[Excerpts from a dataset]
○ ○ ○ ○

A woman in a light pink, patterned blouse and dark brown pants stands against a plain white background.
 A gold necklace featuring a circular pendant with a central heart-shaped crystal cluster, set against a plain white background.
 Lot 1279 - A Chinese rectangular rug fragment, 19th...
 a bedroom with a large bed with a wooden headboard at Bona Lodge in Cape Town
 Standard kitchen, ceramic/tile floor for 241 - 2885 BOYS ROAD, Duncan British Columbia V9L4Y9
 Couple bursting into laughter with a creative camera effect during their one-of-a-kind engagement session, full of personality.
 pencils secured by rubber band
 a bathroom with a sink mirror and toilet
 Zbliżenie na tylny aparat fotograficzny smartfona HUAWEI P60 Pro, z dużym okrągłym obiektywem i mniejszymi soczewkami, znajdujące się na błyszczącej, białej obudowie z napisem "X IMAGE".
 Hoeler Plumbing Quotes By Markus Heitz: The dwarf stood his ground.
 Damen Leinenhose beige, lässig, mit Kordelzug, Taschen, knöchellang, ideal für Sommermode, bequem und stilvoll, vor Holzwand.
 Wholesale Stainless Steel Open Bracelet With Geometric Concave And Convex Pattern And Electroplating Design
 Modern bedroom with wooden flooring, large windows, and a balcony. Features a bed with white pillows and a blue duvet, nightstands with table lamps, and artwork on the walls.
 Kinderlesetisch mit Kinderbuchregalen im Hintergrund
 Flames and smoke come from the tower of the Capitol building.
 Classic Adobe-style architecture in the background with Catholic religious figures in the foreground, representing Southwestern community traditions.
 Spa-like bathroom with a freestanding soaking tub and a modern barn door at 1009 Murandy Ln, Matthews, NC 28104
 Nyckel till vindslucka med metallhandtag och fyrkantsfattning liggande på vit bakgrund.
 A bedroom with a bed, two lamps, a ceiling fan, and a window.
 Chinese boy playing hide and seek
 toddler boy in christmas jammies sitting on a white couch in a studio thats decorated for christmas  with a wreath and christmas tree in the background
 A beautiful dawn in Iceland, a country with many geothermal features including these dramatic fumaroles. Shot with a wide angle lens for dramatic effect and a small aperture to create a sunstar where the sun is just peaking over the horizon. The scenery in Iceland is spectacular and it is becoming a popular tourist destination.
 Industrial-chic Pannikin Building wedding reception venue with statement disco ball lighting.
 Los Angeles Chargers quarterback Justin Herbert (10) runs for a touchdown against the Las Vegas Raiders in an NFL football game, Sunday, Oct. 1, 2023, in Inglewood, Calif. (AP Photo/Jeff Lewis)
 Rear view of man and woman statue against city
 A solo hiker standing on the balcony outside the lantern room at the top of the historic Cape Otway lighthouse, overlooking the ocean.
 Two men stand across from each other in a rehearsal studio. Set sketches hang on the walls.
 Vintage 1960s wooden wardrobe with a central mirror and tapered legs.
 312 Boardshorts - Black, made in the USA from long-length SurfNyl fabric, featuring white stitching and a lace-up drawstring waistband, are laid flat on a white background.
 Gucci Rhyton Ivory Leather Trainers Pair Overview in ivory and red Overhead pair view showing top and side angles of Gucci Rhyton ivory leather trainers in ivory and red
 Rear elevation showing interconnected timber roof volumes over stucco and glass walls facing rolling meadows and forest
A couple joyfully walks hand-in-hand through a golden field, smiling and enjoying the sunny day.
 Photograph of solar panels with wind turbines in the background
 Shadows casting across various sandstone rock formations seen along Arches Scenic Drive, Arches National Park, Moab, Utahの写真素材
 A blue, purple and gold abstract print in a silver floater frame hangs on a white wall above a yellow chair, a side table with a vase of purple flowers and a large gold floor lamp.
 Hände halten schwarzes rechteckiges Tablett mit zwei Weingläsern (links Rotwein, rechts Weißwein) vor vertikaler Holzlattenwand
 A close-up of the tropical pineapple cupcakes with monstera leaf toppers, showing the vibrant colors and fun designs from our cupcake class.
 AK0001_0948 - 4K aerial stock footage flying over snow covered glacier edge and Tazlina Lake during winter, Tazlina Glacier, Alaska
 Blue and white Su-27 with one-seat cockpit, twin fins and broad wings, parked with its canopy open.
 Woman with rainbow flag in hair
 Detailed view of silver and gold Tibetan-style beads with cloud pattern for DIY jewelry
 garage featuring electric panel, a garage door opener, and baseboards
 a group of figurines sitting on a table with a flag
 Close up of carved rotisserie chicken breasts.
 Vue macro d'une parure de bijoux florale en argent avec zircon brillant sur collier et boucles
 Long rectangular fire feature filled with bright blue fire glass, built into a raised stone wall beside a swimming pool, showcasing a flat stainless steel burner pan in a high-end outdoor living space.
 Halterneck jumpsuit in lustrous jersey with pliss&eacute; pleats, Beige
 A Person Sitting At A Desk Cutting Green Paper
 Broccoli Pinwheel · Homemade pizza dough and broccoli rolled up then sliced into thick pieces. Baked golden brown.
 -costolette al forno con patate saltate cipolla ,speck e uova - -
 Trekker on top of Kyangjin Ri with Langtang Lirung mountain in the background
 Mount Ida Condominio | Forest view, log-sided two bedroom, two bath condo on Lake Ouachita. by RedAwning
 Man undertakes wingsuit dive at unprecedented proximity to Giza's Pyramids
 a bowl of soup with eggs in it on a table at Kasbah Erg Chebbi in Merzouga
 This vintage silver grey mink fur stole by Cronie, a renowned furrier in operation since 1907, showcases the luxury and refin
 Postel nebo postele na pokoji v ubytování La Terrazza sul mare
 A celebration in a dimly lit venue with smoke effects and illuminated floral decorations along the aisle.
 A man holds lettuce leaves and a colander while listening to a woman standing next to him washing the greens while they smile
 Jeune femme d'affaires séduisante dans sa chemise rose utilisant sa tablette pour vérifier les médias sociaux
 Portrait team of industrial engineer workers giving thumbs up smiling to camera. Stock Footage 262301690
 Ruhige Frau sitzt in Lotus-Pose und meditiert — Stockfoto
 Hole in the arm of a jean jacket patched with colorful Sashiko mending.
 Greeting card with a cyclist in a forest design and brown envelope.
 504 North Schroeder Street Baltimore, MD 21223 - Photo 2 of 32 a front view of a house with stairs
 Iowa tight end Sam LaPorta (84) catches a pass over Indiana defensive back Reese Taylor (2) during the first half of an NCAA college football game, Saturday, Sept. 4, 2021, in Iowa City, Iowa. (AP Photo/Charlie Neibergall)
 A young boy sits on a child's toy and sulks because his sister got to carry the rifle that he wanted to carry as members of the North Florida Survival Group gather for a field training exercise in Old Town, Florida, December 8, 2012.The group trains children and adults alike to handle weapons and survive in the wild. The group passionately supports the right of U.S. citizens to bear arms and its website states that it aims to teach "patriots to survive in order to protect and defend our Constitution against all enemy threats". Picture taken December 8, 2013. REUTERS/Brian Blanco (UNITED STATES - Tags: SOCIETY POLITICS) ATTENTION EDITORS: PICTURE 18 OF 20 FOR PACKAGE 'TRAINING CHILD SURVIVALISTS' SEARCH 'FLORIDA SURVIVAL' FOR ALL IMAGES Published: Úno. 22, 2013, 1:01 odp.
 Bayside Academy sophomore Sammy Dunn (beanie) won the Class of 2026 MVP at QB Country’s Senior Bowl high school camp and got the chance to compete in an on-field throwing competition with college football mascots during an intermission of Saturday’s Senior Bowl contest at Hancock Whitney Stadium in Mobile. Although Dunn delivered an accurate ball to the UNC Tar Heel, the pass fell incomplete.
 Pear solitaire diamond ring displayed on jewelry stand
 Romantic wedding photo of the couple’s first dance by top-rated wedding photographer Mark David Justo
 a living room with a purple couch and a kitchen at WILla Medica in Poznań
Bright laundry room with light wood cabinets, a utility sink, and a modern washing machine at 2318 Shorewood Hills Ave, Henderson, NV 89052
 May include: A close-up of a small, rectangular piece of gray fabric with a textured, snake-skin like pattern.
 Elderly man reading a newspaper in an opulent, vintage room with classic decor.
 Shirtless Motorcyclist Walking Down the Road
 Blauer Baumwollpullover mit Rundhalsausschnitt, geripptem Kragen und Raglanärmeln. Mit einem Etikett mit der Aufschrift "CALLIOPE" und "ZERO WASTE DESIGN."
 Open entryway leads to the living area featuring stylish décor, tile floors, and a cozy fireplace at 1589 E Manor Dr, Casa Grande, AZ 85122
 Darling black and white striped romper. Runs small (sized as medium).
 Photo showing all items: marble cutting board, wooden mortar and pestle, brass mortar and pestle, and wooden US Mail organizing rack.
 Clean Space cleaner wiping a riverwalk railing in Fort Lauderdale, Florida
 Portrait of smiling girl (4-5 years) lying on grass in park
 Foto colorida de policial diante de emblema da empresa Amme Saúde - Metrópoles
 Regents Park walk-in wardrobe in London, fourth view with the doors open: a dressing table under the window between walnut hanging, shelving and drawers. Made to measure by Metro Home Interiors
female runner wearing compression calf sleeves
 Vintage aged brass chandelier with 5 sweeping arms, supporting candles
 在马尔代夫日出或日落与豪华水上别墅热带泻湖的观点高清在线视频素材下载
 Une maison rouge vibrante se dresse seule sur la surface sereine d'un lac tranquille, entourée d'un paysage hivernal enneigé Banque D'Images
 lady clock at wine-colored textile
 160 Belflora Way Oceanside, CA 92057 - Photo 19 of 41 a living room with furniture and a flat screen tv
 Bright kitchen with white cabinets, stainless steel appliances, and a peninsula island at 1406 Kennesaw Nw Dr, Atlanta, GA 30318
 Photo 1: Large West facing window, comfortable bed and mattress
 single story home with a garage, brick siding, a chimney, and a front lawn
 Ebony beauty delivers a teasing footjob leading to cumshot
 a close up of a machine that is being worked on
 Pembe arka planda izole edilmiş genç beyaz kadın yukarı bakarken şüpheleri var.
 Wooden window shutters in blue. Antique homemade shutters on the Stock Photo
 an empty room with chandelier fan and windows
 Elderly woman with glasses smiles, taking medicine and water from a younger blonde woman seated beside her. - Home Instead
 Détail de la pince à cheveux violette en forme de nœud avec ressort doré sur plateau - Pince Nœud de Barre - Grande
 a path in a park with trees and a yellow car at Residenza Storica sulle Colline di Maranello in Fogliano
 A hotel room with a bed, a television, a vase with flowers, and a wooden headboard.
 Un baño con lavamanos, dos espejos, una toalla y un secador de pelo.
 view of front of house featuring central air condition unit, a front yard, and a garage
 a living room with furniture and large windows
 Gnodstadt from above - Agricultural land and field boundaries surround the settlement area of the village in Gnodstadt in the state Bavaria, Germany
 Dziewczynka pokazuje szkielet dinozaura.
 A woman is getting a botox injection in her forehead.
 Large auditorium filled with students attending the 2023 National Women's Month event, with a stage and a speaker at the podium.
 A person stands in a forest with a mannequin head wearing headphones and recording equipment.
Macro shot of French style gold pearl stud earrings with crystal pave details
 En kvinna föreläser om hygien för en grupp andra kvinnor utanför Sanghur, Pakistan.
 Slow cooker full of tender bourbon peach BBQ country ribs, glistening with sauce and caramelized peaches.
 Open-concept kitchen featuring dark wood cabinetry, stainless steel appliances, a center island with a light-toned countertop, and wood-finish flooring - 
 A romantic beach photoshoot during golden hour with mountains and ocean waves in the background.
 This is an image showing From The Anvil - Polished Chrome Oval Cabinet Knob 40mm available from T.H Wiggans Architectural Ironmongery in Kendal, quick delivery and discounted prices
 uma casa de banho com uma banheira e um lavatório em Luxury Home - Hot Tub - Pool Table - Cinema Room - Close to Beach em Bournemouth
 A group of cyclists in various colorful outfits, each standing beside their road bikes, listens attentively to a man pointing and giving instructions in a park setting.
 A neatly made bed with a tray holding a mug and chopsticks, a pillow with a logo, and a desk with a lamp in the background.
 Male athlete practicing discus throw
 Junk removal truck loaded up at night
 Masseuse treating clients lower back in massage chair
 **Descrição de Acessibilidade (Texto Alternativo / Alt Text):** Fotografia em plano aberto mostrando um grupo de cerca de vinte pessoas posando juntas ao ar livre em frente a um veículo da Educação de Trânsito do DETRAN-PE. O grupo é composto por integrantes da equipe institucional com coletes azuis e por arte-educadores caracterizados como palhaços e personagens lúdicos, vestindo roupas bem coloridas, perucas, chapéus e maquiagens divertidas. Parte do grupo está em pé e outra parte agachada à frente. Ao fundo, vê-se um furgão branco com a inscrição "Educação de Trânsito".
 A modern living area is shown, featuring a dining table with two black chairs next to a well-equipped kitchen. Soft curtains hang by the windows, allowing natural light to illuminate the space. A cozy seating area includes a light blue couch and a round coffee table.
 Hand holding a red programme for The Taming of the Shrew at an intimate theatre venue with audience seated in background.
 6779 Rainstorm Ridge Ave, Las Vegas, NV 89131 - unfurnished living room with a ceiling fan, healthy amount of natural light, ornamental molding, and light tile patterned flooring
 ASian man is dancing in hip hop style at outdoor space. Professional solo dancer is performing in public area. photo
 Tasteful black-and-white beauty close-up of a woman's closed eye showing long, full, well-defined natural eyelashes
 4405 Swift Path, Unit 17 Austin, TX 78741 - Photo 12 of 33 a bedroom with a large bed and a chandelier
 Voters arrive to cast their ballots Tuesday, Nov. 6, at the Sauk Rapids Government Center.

○ ○ ○ ○

**Work to be completed:** Of the entries listed above, reproduce only the lines starting at the line containing "A group of cyclists" and ending at the line containing "Masseuse treating clients". Include both, exactly as they stand.

**Written solution:**
 A group of cyclists in various colorful outfits, each standing beside their road bikes, listens attentively to a man pointing and giving instructions in a park setting.
 A neatly made bed with a tray holding a mug and chopsticks, a pillow with a logo, and a desk with a lamp in the background.
 Male athlete practicing discus throw
 Junk removal truck loaded up at night
 Masseuse treating clients lower back in massage chair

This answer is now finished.